• THE TASK: Any pictures in the records below must be left out when you repeat the lines from the line containing "2X 75 W LED" through the line containing "Rebecca Minkoff Leather" exactly.

• INFORMATION:
= = = = = = =

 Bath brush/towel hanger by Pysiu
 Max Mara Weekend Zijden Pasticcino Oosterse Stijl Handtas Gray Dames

= = = = = = =

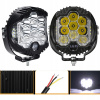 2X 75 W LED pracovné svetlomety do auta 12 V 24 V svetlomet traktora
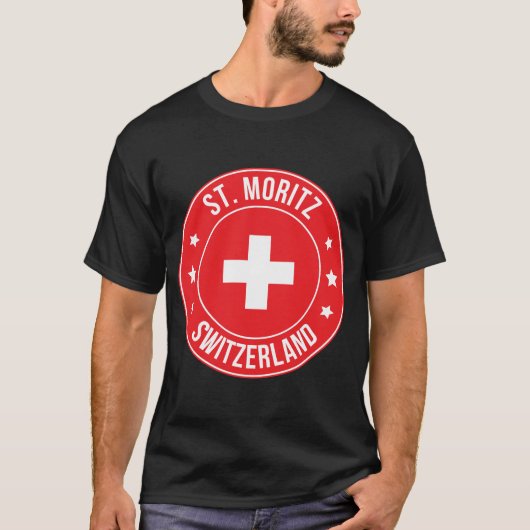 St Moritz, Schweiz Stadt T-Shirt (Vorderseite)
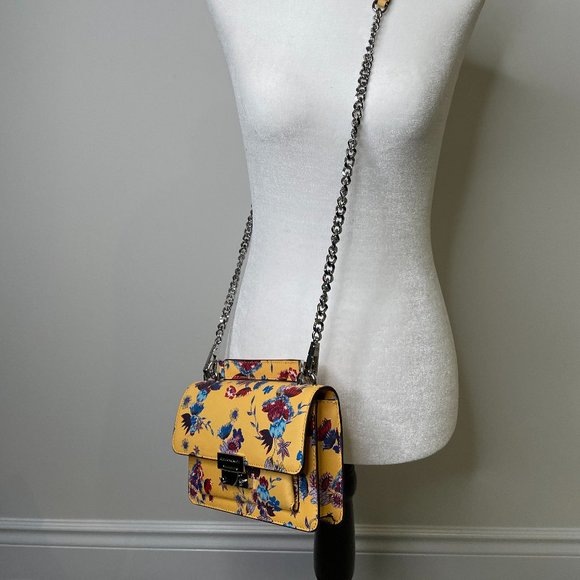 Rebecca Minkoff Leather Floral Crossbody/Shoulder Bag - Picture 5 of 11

= = = = = = =

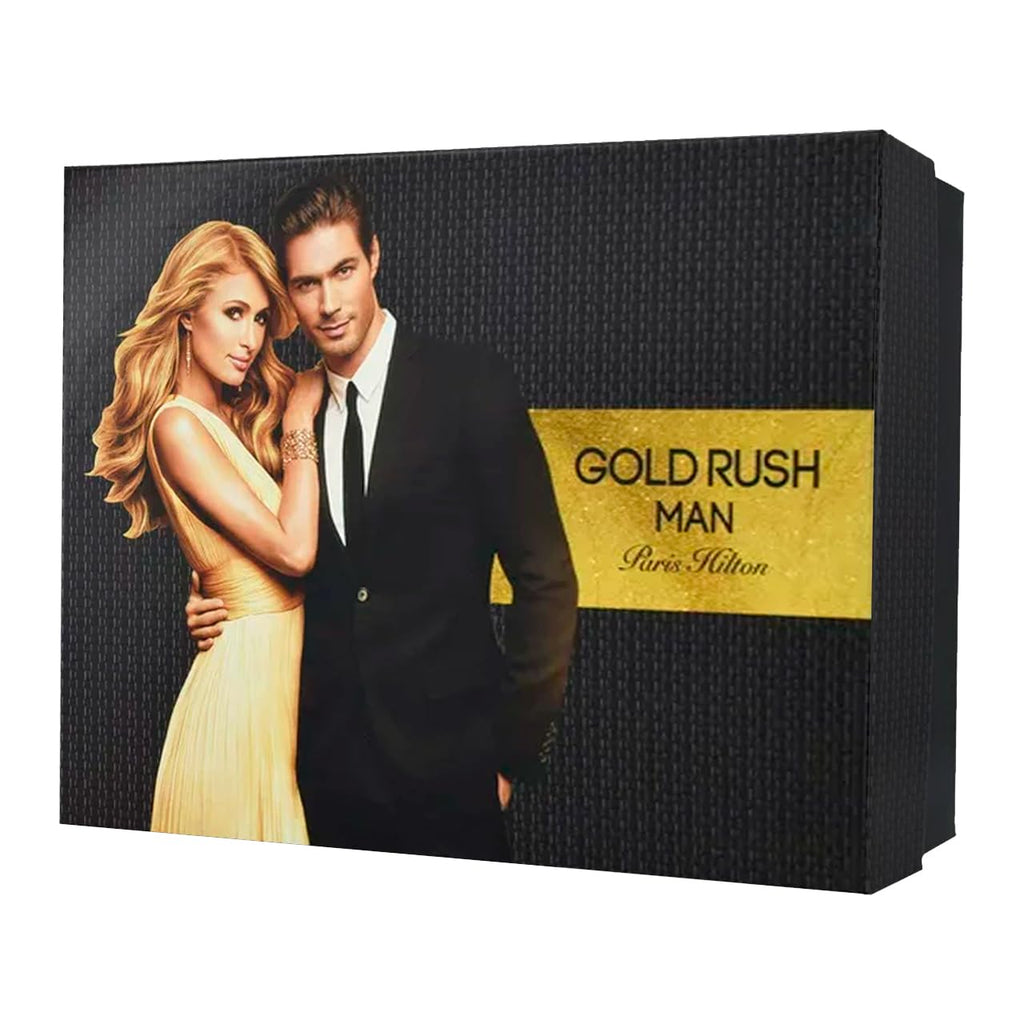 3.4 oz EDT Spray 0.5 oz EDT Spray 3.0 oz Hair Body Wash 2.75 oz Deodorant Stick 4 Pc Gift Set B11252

= = = = = = =

• EXPECTED ANSWER:
 2X 75 W LED pracovné svetlomety do auta 12 V 24 V svetlomet traktora
 St Moritz, Schweiz Stadt T-Shirt (Vorderseite)
 Rebecca Minkoff Leather Floral Crossbody/Shoulder Bag - Picture 5 of 11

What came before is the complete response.